Working with his ORNL partner, Senior Research Scientist David DePaoli, will provide Lukosi an opportunity to test the device on the actinium/bismuth generating system they are building.  With positive outcomes, this UT-ORNL partnership could potentially increase the number of patients outliving their cancer diagnoses in future generations.

Maik LangThe Spallation Neutron Source (SNS) at ORNL is a unique research facility capable of producing the most intense neutron beams currently available anywhere in the world. With this beam technology, SNS offers unprecedented research and data collection opportunities through neutron scattering. Unfortunately, that data does not emerge in a readily useful format. Maik Lang, assistant professor of nuclear engineering and Pietro F. Pasqua Fellow, is working to change that.

Lang’s JDRD project focuses on understanding the effects of extreme conditions on glass. His team has already gathered initial neutron scattering data that will be used by his ORNL partners to set up a new integrated environment for translating raw data into a usable format.

“This platform will help to process your raw data collected at the spallation source and better understand that data and tie it together to other measurements you did at different beam lines, or even at different facilities,” said Lang.

This platform, the Integrated Computational Environment–Modeling and Analysis for Neutrons, or ICE-MAN, will work as a translator, taking the information logged by the SNS and converting it into the format needed for modeling and analysis.

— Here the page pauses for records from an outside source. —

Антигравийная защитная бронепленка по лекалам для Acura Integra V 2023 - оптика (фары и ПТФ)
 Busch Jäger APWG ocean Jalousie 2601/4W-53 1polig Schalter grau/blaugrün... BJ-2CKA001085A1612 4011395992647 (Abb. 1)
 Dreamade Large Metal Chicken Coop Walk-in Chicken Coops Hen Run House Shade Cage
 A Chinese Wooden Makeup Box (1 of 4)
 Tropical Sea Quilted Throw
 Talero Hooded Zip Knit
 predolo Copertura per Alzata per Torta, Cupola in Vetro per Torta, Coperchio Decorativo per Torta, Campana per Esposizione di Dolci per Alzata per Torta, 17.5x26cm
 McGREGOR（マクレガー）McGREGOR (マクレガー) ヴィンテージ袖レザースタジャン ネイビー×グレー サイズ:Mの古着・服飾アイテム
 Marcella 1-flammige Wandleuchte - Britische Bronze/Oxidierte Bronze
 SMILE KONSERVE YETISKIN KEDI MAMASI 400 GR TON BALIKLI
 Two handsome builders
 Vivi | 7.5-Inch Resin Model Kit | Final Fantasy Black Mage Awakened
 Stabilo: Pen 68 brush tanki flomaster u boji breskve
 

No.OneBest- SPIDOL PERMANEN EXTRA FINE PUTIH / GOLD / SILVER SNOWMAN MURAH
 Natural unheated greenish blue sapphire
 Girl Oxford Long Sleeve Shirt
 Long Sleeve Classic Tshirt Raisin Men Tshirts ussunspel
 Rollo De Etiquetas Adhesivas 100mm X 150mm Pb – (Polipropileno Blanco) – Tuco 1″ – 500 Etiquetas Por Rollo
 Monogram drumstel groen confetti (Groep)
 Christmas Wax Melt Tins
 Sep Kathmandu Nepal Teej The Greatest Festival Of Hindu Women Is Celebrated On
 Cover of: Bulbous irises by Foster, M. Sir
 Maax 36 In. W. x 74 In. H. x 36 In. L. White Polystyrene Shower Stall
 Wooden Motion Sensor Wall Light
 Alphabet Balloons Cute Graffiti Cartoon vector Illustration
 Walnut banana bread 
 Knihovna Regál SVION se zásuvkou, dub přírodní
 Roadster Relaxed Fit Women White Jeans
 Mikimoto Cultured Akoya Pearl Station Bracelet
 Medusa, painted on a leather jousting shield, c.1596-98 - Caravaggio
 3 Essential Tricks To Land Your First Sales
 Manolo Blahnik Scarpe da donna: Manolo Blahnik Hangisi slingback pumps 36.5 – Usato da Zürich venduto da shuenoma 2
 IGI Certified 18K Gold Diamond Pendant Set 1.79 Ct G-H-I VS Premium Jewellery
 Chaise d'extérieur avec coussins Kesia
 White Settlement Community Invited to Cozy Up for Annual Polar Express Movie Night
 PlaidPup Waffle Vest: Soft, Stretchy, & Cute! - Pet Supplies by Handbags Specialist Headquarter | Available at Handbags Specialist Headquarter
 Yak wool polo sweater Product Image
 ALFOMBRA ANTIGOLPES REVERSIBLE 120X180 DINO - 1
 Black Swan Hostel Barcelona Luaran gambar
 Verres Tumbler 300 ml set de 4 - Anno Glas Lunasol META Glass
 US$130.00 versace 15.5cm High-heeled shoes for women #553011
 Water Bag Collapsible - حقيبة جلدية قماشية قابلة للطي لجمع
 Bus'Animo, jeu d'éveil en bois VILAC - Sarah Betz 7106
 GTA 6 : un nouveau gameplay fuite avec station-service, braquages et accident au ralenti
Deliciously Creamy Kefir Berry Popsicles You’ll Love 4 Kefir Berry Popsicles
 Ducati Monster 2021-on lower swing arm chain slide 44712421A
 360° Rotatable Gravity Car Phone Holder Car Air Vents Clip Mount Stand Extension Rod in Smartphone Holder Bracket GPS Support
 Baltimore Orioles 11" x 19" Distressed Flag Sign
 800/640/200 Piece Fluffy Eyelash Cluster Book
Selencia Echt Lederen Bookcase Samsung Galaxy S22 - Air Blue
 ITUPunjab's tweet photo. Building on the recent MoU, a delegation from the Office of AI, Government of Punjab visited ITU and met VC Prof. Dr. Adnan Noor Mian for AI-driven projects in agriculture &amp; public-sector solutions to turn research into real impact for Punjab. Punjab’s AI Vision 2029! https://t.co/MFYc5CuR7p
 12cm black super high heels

“It’s kind of like a black box. The data enters in one format and then the black box changes it into the right format for your software or models,” said Lang. By integrating his “black box” with the measuring device, Lang hopes to streamline the process from data collection to useful information for researchers studying a variety of materials.

This technology will allow Lang to use his data to model the effects of radiation on glass, a popular storage substance for nuclear waste. Researchers need to know exactly how and when glass and other storage materials begin to break down from exposure to plasma in order to determine possible uses and future complications.

According to Lang, the disordered nature of glass makes it especially difficult to study, as the effects of radiation are very subtle.

“When you have glass, it’s a noncrystalline material so you have no order. When you measure you get a lot of peaks but don’t know what it means,” said Lang. “You have data but you can’t interpret it. For this you need modeling, and for the modeling we need this platform.”

Lang’s team will assist a team at ORNL led by Anibal Ramirez-Cuesto in setting up ICE-MAN using the JDRD project data and in creating a manual for the system. Lang believes this collaboration will not only create opportunities for future efforts and funding but also open the door for discovery in materials science as a whole.